My best friend, with whom I’ve been friends for 40 years, since we were 15, was recently in an accident. She was hit by a truck while cycling in the country. It was a hit-and-run and we’re only lucky that someone else drove by shortly after and saw her lying on the road. But during the time she lay there, she lacked oxygen to her brain and now has both physical and mental deficiencies.
She knows who I am, who her children are, and her husband. But she doesn’t remember many other people. She can no longer work, and she was a high-powered film executive. Her physical disabilities don’t hinder her basic daily movements, but she tires easily, so she can’t do much activity, and she was an avid cyclist.
I’m trying to spend as much time with her as possible, but it’s difficult with my busy work schedule and my own active family. I’m worried about her and don’t know how to help. Her husband keeps saying they’re fine, but…… I know they were having serious marital issues prior to the accident.
What can I do?
Worried Friend
You say you’re friend knows who you are. Talk to her. Take her for a walk, away from her husband, and ask her directly what she needs and wants. Tell her to be brutally honest with you. Perhaps she needs a caregiver, to remove the burden from her husband. Perhaps she needs a therapist to talk to about how her life has changed so dramatically. Maybe she needs a driver to help with her children or getting her to appointments, so she doesn’t feel she needs to ask her husband or spend more time with him than she’d like.
Doing the legwork to get her the help she needs is a HUGE weight off her shoulders. That can be harder than anything. As well, though you also lead a busy life, carve out a little extra time for your friend.
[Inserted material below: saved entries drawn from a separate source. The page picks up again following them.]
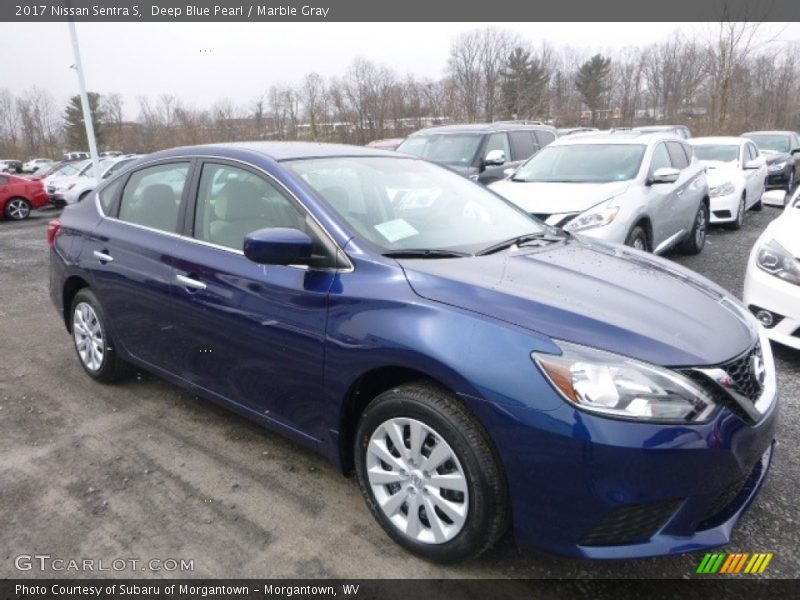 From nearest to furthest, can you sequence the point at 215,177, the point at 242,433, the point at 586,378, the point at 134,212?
the point at 586,378 < the point at 215,177 < the point at 242,433 < the point at 134,212

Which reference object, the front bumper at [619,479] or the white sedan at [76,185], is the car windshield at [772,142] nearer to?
the front bumper at [619,479]

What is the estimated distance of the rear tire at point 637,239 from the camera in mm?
5565

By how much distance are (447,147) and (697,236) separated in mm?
4008

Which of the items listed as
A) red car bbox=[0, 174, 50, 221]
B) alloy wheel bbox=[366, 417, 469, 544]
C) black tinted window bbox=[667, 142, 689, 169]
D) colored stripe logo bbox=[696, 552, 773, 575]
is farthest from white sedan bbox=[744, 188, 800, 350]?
red car bbox=[0, 174, 50, 221]

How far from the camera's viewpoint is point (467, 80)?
168 feet

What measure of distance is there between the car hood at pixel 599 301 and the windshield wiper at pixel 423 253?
7 cm

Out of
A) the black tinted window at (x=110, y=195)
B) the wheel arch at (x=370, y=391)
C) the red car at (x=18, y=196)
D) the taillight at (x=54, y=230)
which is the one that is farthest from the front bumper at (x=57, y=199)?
the wheel arch at (x=370, y=391)

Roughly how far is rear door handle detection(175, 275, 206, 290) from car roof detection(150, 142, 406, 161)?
0.71 meters

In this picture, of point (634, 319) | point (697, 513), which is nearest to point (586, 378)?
point (634, 319)

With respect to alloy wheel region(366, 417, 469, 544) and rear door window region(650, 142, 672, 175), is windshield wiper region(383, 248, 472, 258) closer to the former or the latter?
alloy wheel region(366, 417, 469, 544)

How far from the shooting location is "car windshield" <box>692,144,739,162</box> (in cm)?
1008

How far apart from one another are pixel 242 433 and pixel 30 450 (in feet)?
3.83

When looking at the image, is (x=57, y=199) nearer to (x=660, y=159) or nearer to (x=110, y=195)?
(x=110, y=195)

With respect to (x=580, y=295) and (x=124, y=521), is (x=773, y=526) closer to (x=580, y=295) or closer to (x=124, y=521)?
(x=580, y=295) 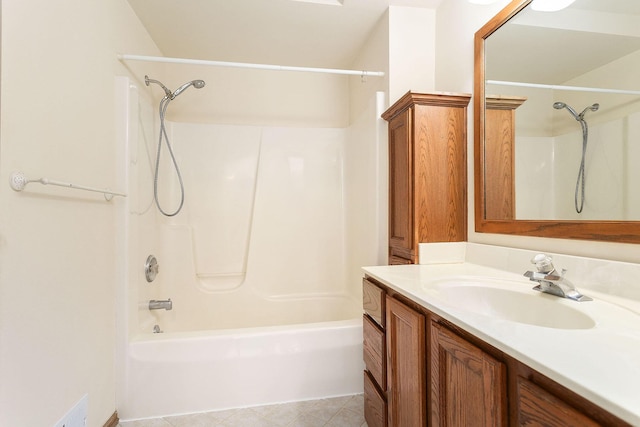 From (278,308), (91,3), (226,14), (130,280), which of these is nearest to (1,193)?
(130,280)

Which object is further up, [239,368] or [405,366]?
[405,366]

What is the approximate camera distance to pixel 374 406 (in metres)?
1.19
She needs you.
I work in a large organization with many branches. Many of my coworkers have "ethnic" names, always mispronounced by others in the organization.
I know because I have a similar ethnicity and because these coworkers have shared that they just gave up on having people pronounce their names correctly. I continue to pronounce these names correctly, which is appreciated by the owner of the name.
However, I run into issues with those who continue to mispronounce these ethnic names and insist they are correct and scold ME for mispronouncing.
How should I respond in the future? This happens even after I share the preferences of the name's owner.
Miss Pronounced
I also have a name that people often mispronounce. It can be infuriating, especially after several attempts at correcting them. As a result, I often ask people how to properly pronounce their name. It’s a sensitivity for me, and sounds like for you as well.
Perhaps, in the new year, you might want to suggest to those with names that get mispronounced, that at the beginning of a meeting, they introduce themselves with a light comment how they know their name is hard to pronounce but they’d love it if everyone could try.
I would also suggest that they write the pronunciation in the sign-off of their email. People can then practice on their own, if they care to do so.
Just know that there will always be people who do not care and would mispronounce “Sam” if given the chance. Also, if someone isn’t addressing you properly, then not responding isn’t rude. Who knew they were talking to you?
FEEDBACK Regarding the flower garden kerfuffle (Oct. 7):
Reader – “The woman who reproved the mother by questioning her disregard of a neighbour’s garden was doing the scofflaw parent a favour. But throwing coffee into a person’s face - whether the coffee is hot, lukewarm or iced - is an unprovoked attack. And because the mother got away with this assault, the child isn’t going to learn respect for other people or their property. Instead, they will learn that being rude and taking whatever you want is OK.”
Stickler for civility
Reader #2 – “Throwing iced tea at someone is assault. This is violence. Yes, the woman overstepped her bounds, but the escalation was disproportionate.
“In a perfect world, the mother would say, ‘You have a point. Thank you for your input’ and move on.
“On the other hand, perhaps you came across unintentionally as heavy-handed. Which still doesn't excuse having a beverage hurled in your direction.”